It was late Winter in 1991, about four weeks after Hannah was born. I had been a Christian for about two-and-a-half years. Caroline and I were heading out of the house for one of her first, post-birth outings: our Lamaze class reunion, where we would be showing off our beautiful daughter to the virtual strangers we had attended class with, whom also had given birth to beautiful children. I remember Caroline standing at the windowed outer door. She was ready to come outside with Hannah, waiting for me to help her to the car.
As I was standing in the driveway, I happened to look down the walkway that went up from the drive alongside our duplex. Something caught my attention, and what I saw stunned me and caused me to shout to Caroline not to come outside.
There, suspended limply at the the neighbor's back door, was the figure ofa man. I couldn't believe what I was seeing.
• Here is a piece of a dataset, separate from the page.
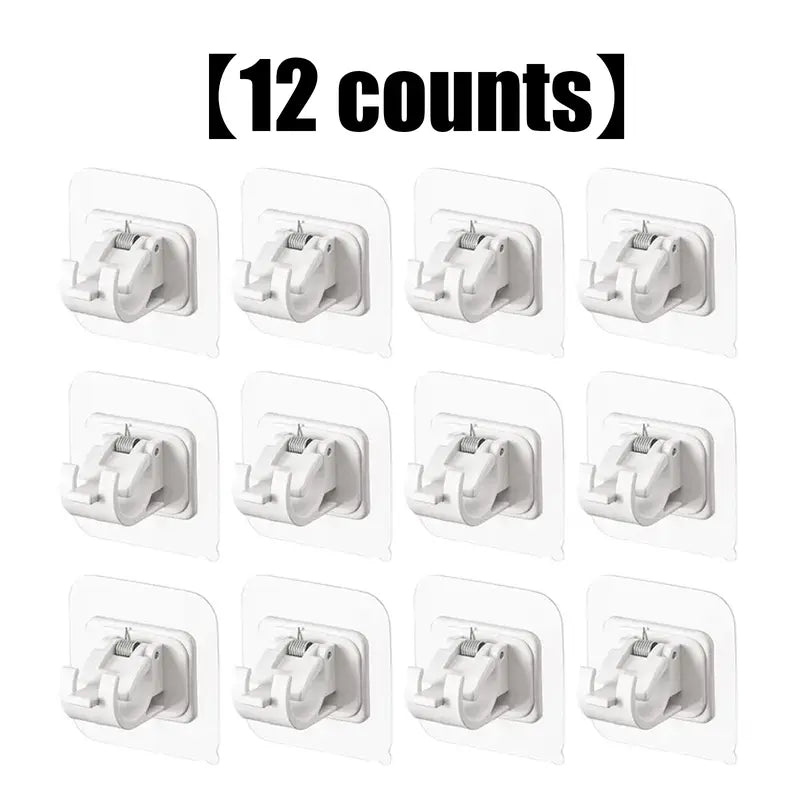 Adhesive Curtain Rod Holders – Drill-Free Spring Clip Mechanism For Damage-Free Wall Mounting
In a surreal type of slow motion, I cautiously walked down the paved path to see an unknown man with an extension cord wrapped around his neck. He was blue and lifeless. I stared up at him having no idea what to do. My stomach was sick. I had never seen a dead man, let alone a suicide. It was clear there was no life in him. I quickly went back to the house and told Caroline what I had found. I don't really remember her reaction, but I then called the police.
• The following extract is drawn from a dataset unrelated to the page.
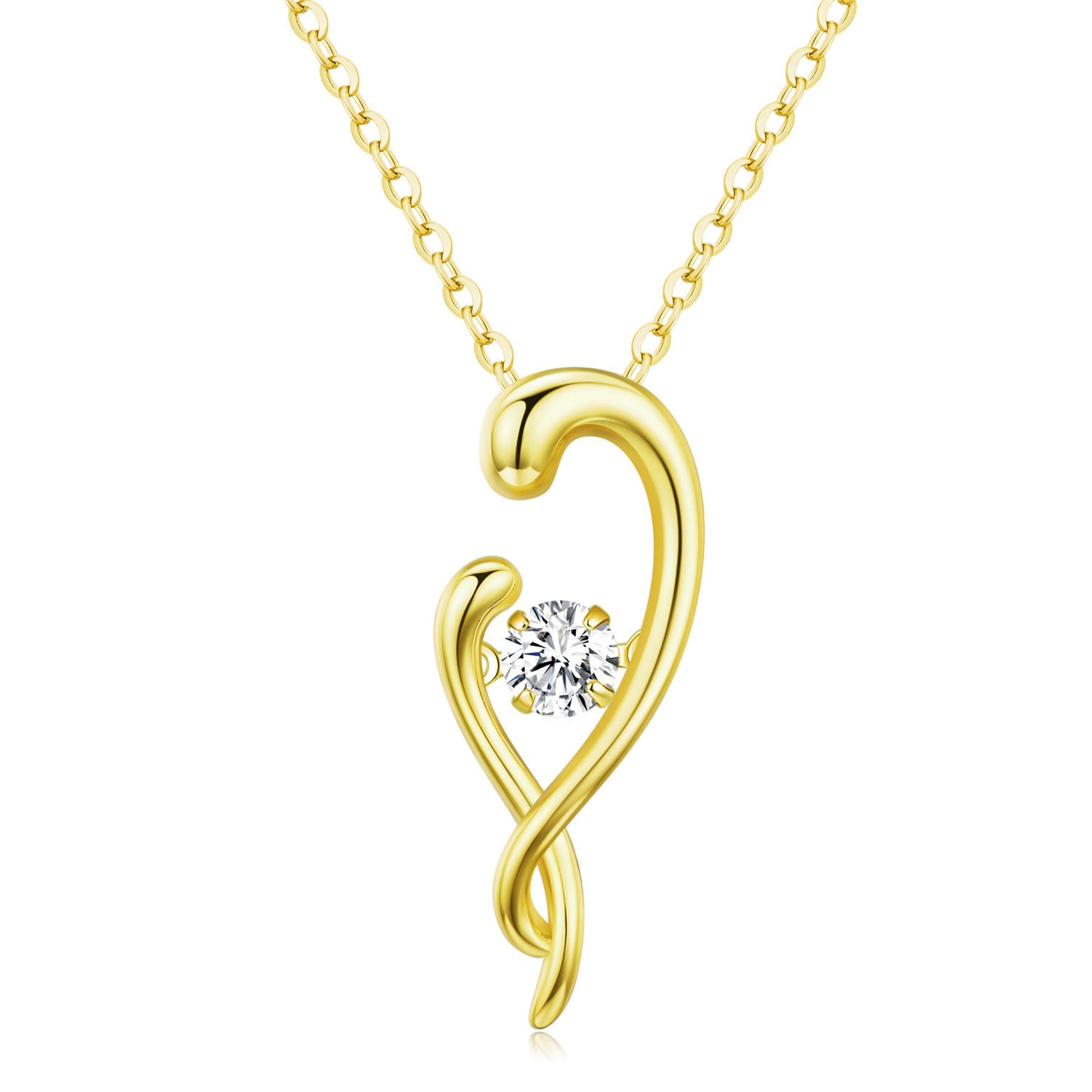 18K gold plated necklace heart love  with a cubic zirconia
There's more to the story, but it culminated with the horrifying screams of a mother staring at a son who had hung himself outside her door. He had come to her in the middle of the night looking for help. She had told him to go away, at which time he threatened to kill himself...and, he did.
The only thing I learned about that young man was that he was an alcoholic and addict. He had battled for the good part of his life. Now, he was dead. My pastor at the time knew the family and had tried to minister to both the mother and the son. They had not responded to the message of salvation shared with them. I don't know their life, and I certainly don't know their hearts, but I know that the evidence presented to me that day was one of death, not life. Jesus said,
"I am the resurrection, and the life: he that believeth in me, though he were dead, yet shall he live: And whosoever liveth and believeth in me shall never die. Believest thou this?" (John 11:25-26)
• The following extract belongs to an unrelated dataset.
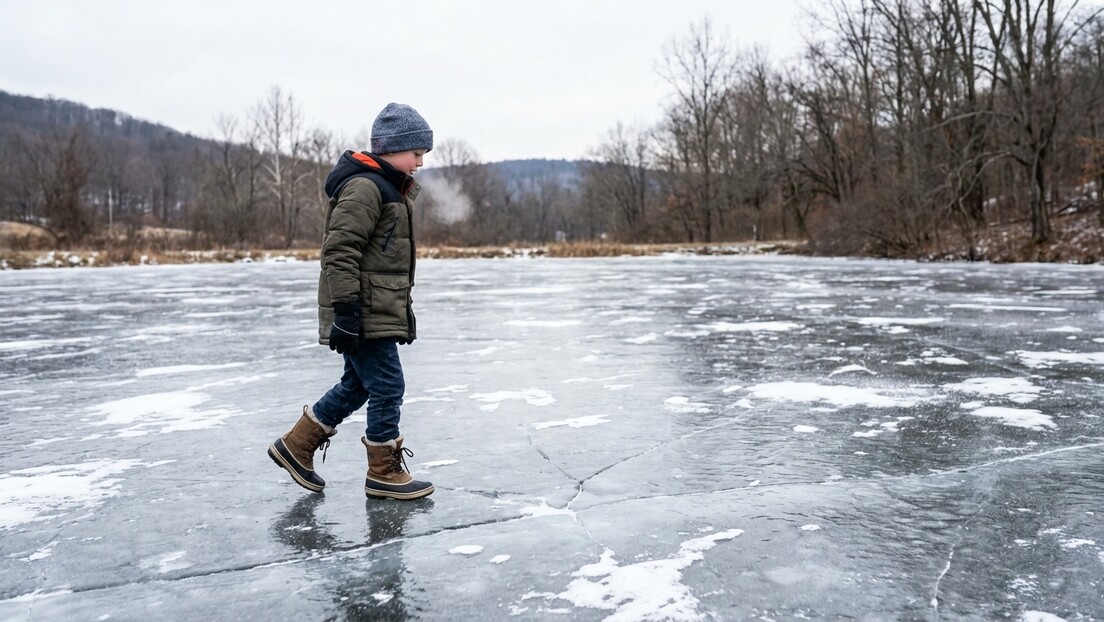 Menino cai em buraco de lago congelado na Rússia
I was very young in the Lord then. I had no idea of the life I would live from that day until now. I certainly had NO idea that I would be spending ten years of my life, and counting, ministering to men exactly like this one.
This issue of Life and Death is all that matters. Consider the following verses as they are heavy on my heart today.
"But if our gospel be hid, it is hid to them that are lost: In whom the god of this world hath blinded the minds of them which believe not, lest the light of the glorious gospel of Christ, who is the image of God, should shine unto them. For we preach not ourselves, but Christ Jesus the Lord; and ourselves your servants for Jesus’ sake. For God, who commanded the light to shine out of darkness, hath shined in our hearts, to give the light of the knowledge of the glory of God in the face of Jesus Christ. But we have this treasure in earthen vessels, that the excellency of the power may be of God, and not of us. We are troubled on every side, yet not distressed; we are perplexed, but not in despair; Persecuted, but not forsaken; cast down, but not destroyed; Always bearing about in the body the dying of the Lord Jesus, that the life also of Jesus might be made manifest in our body. For we which live are alway delivered unto death for Jesus’ sake, that the life also of Jesus might be made manifest in our mortal flesh. So then death worketh in us, but life in you." (2 Cor. 4:3-12)
"So then Death worketh in us, but Life in you."
Ephesians 2:1 says,
"You has He quickened (i.e. made alive, or, given life to) who were once dead in your trespasses and sins."
Where is the Power of God to raise men enslaved and captive to death, sin, and addiction from the dead? Paul says, the power is in US. In you, and in me! It is Christ Himself, who died and rose again that we, too, might die and live in "newness of life."
As I consider the 2 Corinthians passage (and other confirming verses such as John 12:23:-27, Phil 3:8-11, 1 Cor 2:2-4),I can only come to the conclusion that Death is the key to Christ working resurrection power in my life. That power then flows to others and "raises them from the dead."
Today, I mourn the loss of a very kind man. He was also a raging addict. When his god of crack and heroine spoke, he obeyed. He was a dead man walking, powerless to overcome and find life. I ministered to this man countless times over seven years. I shook his hand and told him to call me two days before he was released from the Middleton jail. He said he would. Now, he is dead, two days after his release.
Where is the power of God to save? Where is Christ's power in me? The Cross calls me as the answer to this desperate problem. Is Death at work in me? Is Life at work in you?